§ **YOUR OBJECTIVE**
Pictures are to be left out. Return exactly the lines below from the one with "Moschino Single Handle Tote Bag In Black" up to and including the one with "Mythemeshop | Bookshelf".

§ **RECORD EXCERPTS**
□ □ □ □ □

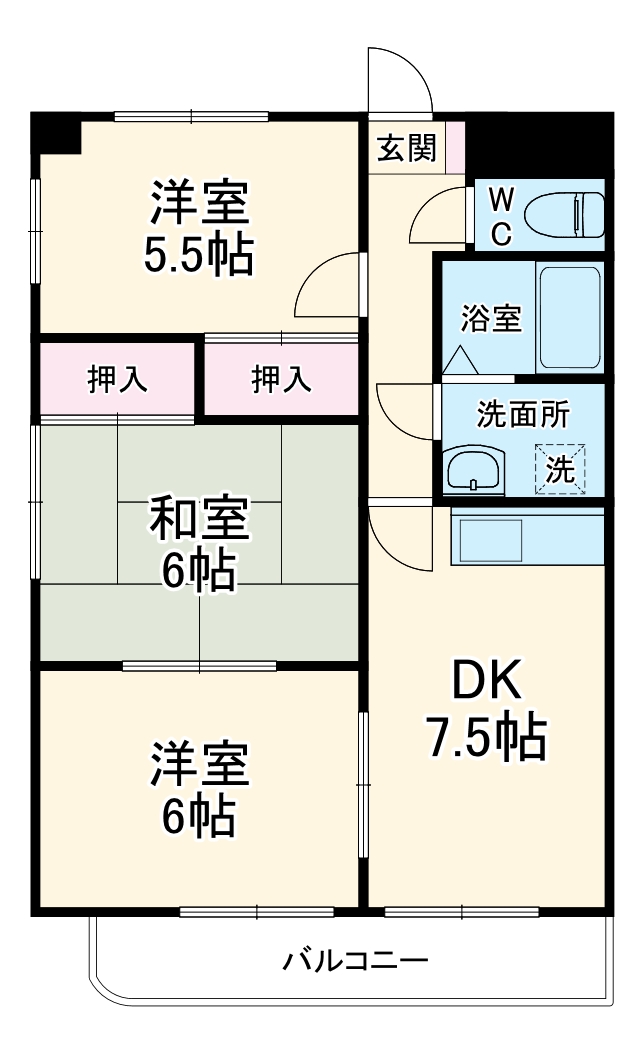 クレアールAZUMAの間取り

□ □ □ □ □

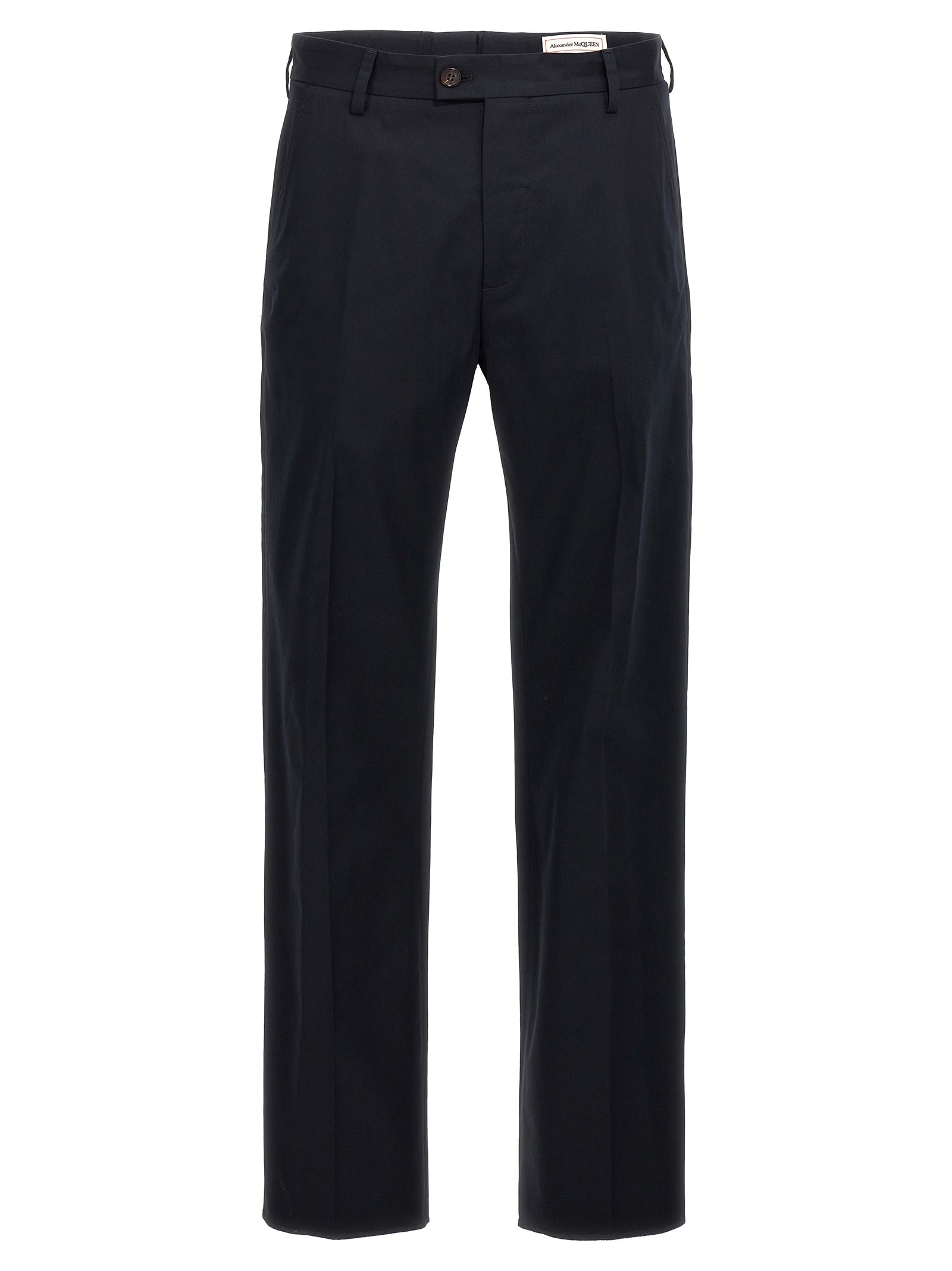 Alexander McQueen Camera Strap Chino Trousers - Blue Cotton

□ □ □ □ □

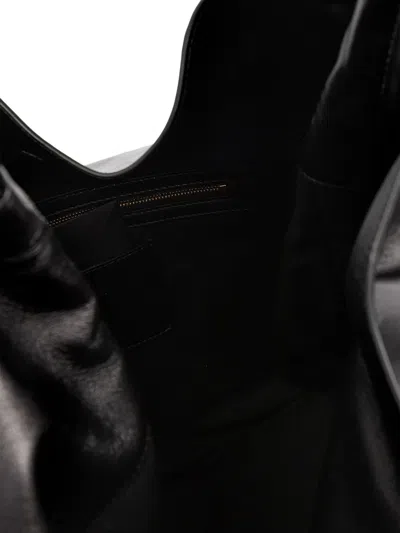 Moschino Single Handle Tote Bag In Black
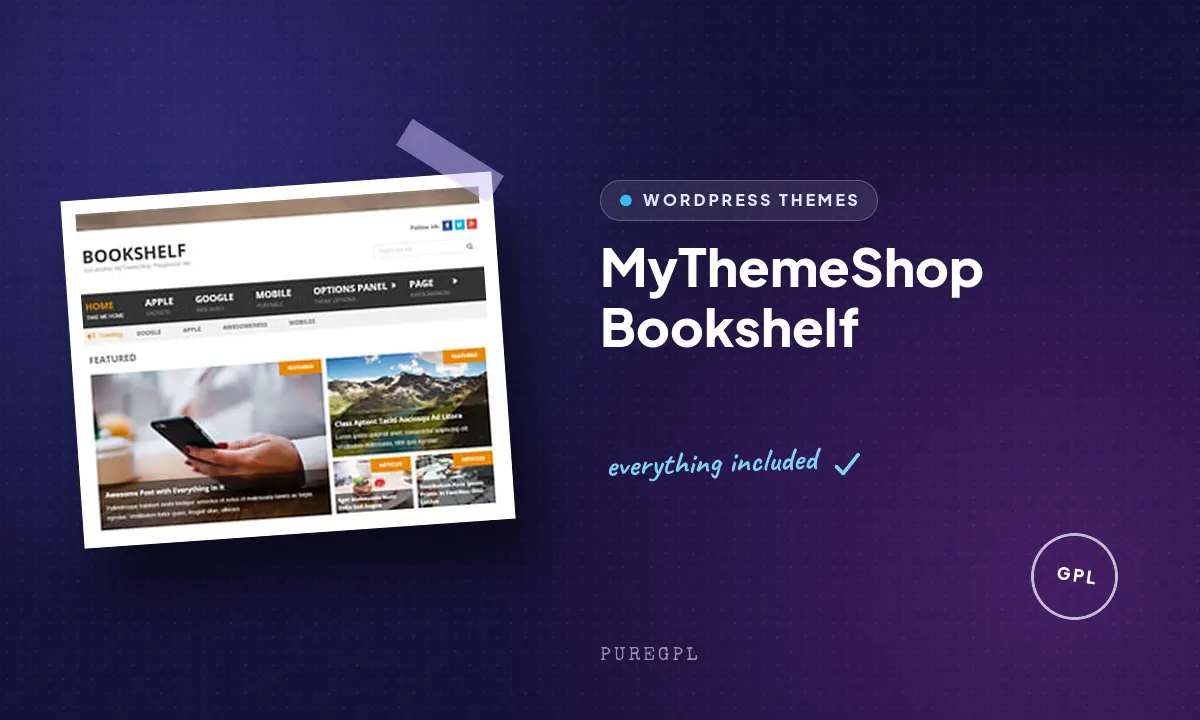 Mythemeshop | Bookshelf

□ □ □ □ □

§ **RESULT OF THE EXERCISE**
 Moschino Single Handle Tote Bag In Black
 Mythemeshop | Bookshelf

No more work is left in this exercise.